The Man behind the Shield.
Sir Vincent S. Jones was born in Burnside Westmoreland, Cumbria, in Northern England in 1874 the son of a Church of England Clergyman.[i] He came to Newfoundland around 1910 to work for the Anglo-Newfoundland Development Company. Around the same time he became superintendent of the Grand Falls mills for the AND Co and was largely responsible for overseeing operations and the expansion of the mill in 1912. Jones’ professional background and education is hard to ascertain, but he was from a well to do family and was educated and had done some military service with the Border Regiment before World War One. His coming to Newfoundland might have had something to do with His Uncle, Llewellyn Jones, who was once the bishop of Newfoundland.[ii]And was consecrated Bishop of the Colony in 1878.[iii]
Called to back to the Border Regiment in India at the outbreak of war in 1914-15 Jones served there during the war and on the North West Frontier and in the Third Afghan War of 1919 and on the North West Frontier of India.[iv] Sometime after he left the service Jones returned to Grand Falls and a position of importance with A.N.D. In 1931 Jones was solidified in his position as Resident General Manager and Vice President of the A.N.D Company. He remained so until the 1940’s and in such a capacity would have been one of the most powerful men on the Island.
In 1941 he was named a Knight Commander of the British Empire and in Grand Falls he was named an honorary colonel of the Home Guard.

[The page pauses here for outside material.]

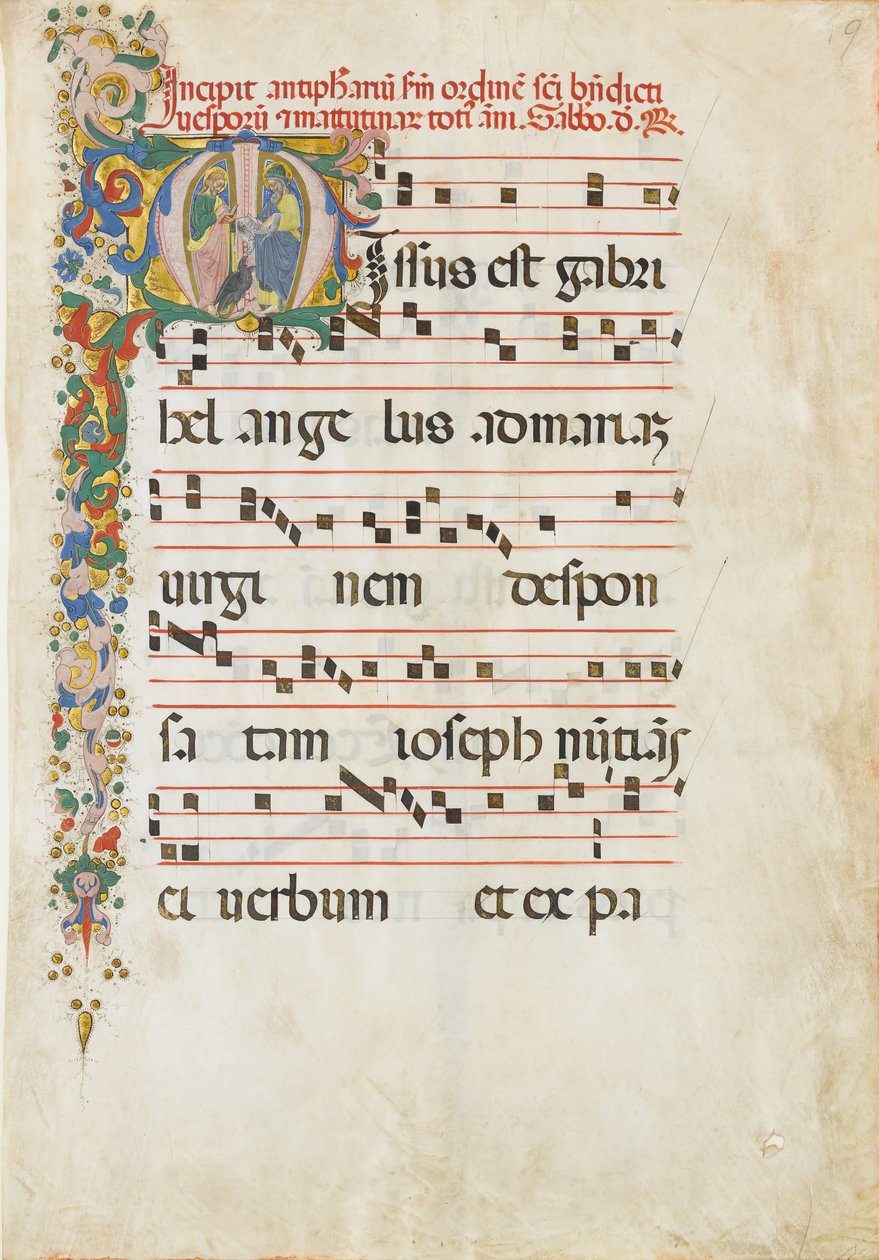 Rukopisný list se svatým Janem Evangelistou a svatým Janem Křtitelem..., druhá polovina 15. stol. od Master of the Riccardiana Lactantius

Jones seems to have had a love of sport and was a noted cricket and tennis player. He had tennis courts installed on the grounds of the Grand Falls House during his tenure and encouraged all sporting activities in the town. This support of sport culminated with his donation of the Jones Shield.
Jones and his Wife Mary became important pillars in the community-the proverbial father and mother of a paternalistic company town. They had two children and their son Desmond became an accomplished naval officer who served in WW2 and later rose to become the Military attaché to Argentina and later Naval Aide De Camp to the Queen.[vi]
Jones remained in Newfoundland until 1946 when he retired and returned to England at the Age of 72. He lived into his nineties and retained close contacts with the town that he was closely connected with for so many years. As late as 1966-the year before his death the AND News Log carried a letter from him. Through his tenure as manager the mill expanded a number of times and weathered the Great Depression. His memory will no doubt live on because of the trophy he donated and the 60 plus years of intercollegiate hockey rivalry associated with it.